Now, it doesn’t mean that invasions never happen, but when it does happen, almost everyone in the world says, we have a serious problem with that. Now, if it’s the United States, what does it… Like in the second Iraq war and the US is the most powerful country in the world, they can get away with it. But countries will have long memories. They will be angry as a consequence, and they will bring it up for decades and use it to justify some of their own behaviors or some of their unwillingness to listen to the Americans. So I mean, the very fact that when you break the rules, it has consequences and lasting consequences also mean that those rules matter.

Preet Bharara:

So India got to host the G20 Summit, as we mentioned, and it has been reported and has been treated as a huge coup for Prime Minister Modi. Even though it was just their turn, they sort of acted like they were anointed by their peers according to one New York Times article in a show of respect and elevation. But that’s not quite true, but they made the most of it. Could you describe how big a deal the hosting of the G20 summit was for India, both domestically there and with respect to their image in the global community?

Ian Bremmer:

It’s a big deal because the timing was awesome. Hosting the G20 in and of itself is not necessarily a huge deal for a country, but Indonesia hosted the year before. It wasn’t nearly as important for the Indonesians as it was this year for the Indians, and it won’t be as much of a big deal for Brazil, though it’ll be a fairly significant deal because you’ve got a president of Brazil that’s really leaning into climate, reducing deforestation, having a carbon trading and emission scheme working with the rest of the world there. I mean, they will probably hit above their weight in ways that Brazil usually does not. But in the case of India, the timing was incredible. Why number one fastest growing major economy in the world at a time where global economic concerns are significant.
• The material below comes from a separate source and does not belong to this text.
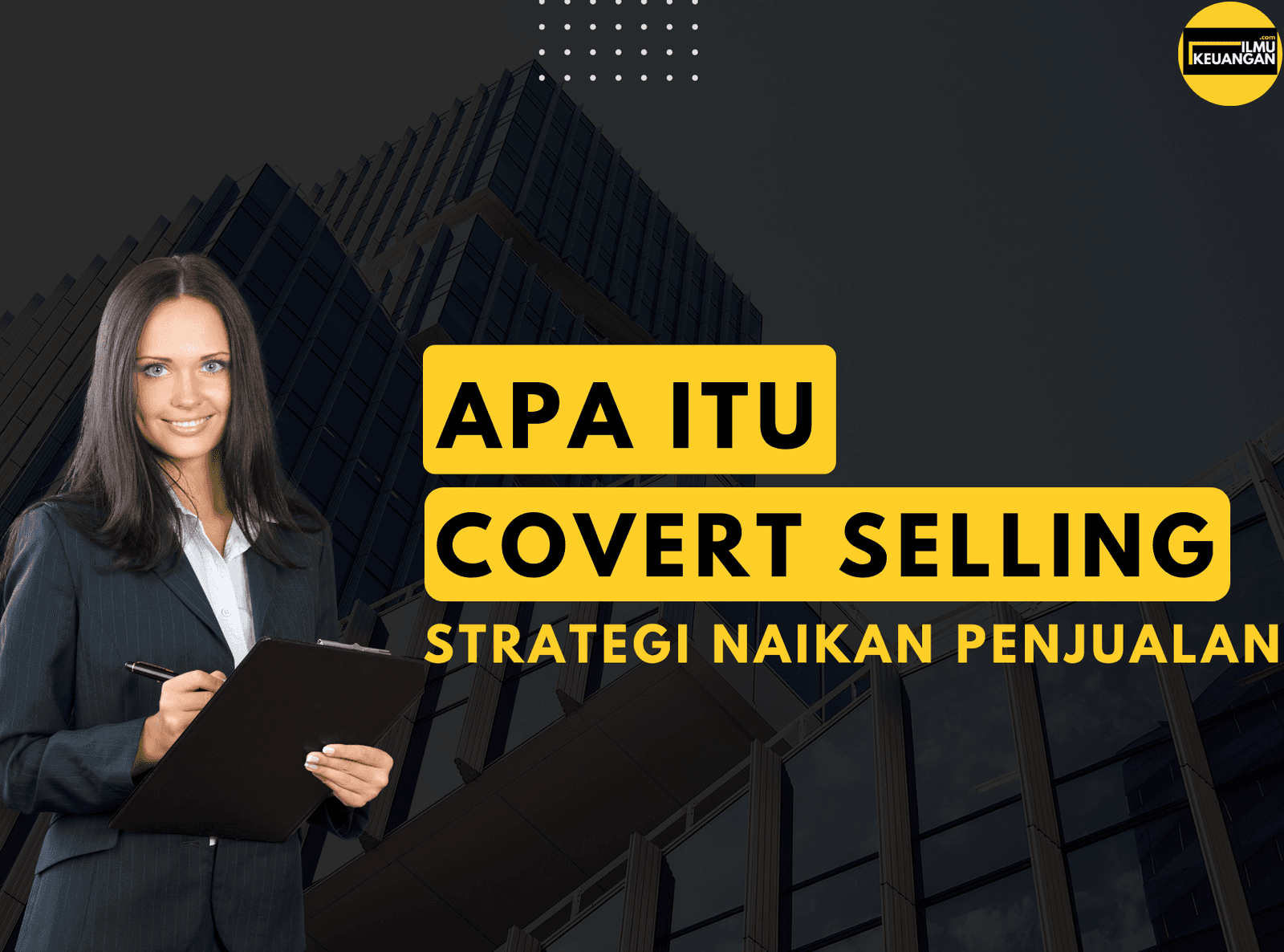 Apa itu Covert Selling, Strategi Ampuh Naikan Penjualan !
Number two, Modi is by far the most popular leader of any major democracy in the world. So he has the ability to get things done domestically and internationally because the opposition is weak and in disarray. Number three, the United States really is trying to build the relationship with Modi, and they’re the only major country out there where it doesn’t really matter if Trump or Biden wins in 2024. They’ll have a really good relationship either way, and not just in terms of this G20 summit, but the quad, which they are now a big piece of with three advanced industrial economies. So they’re the one piece that you’d say normally, well, they don’t really fit well, actually, they’re playing a significant role and it’s security oriented.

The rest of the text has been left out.